|
|
|
|
|
by myrmidon
1724 days ago
|
|
> fusion power as it gets closer to success and eventual general availability IMO it is not clear that fusion will ever be useable for power plants: Depending on costs (construction/maintenance/decomissioning), it might never be competitive with (battery backed) photovoltaics (or wind), no matter how much progress we make. Personally I believe that fusion research is worthwile no matter the outcome, but calling it a "purely academic waste of ressources without positive environmental/economical ROI" might turn out to be correct (playing devils advocate here but this is important to consider, no matter how much pro-nuclear you are). |
|
Whenever they talk about putting a fusion reactor in a shipping container, or on the back of a truck that's a red flag.
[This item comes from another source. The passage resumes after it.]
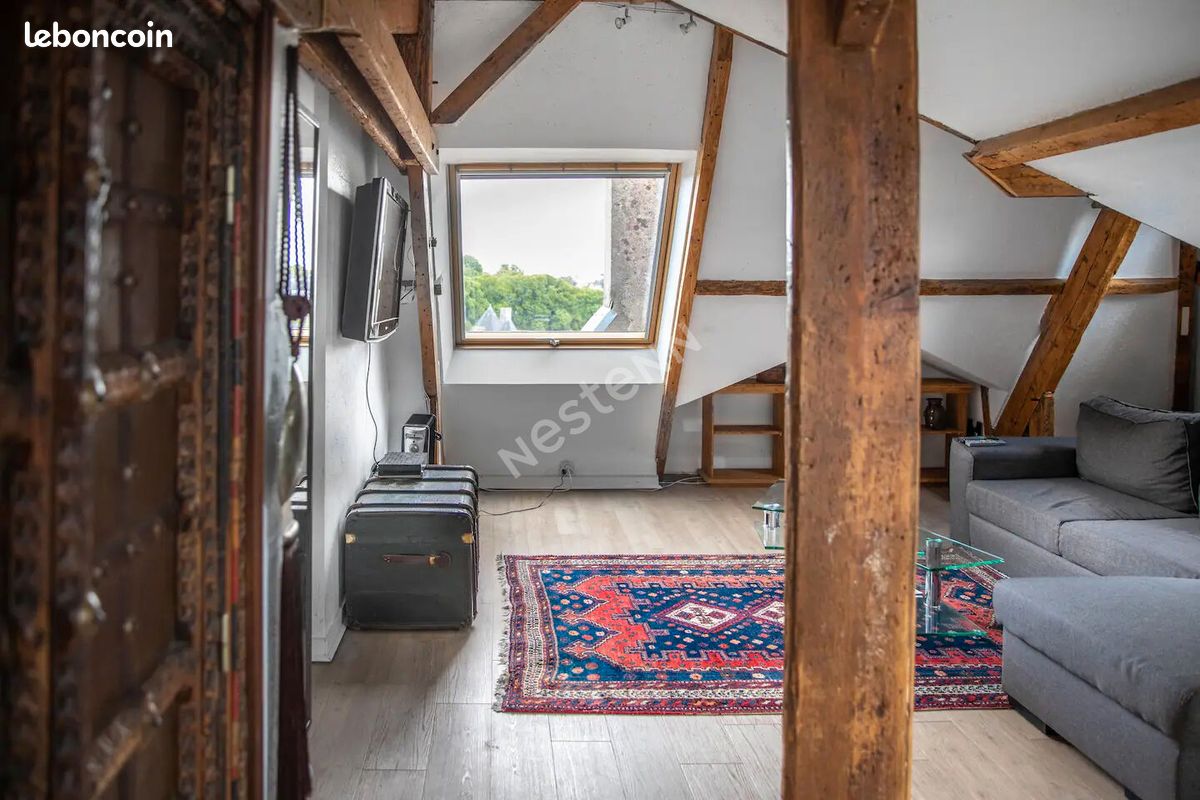 Appartement a louer vannes - 3 pièce(s) - 66 m2 - Surfyn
Any fusion plant capable of useful power output is going to have to kick out enough neutron radiation to need some pretty serious shielding that just makes that impossible.
Another problem is the way they often pitch the energy gain numbers. Q=1 sounds great, the output energy equals the input energy, but that's only the input energy required to maintain the plasma. The actual energy to power the plant and run the heat exchange system and such as a whole (Engineering Gain = 1) is likely to be about 22x that. Then to be economically viable in practice the gain might need to be an order of magnitude or more again.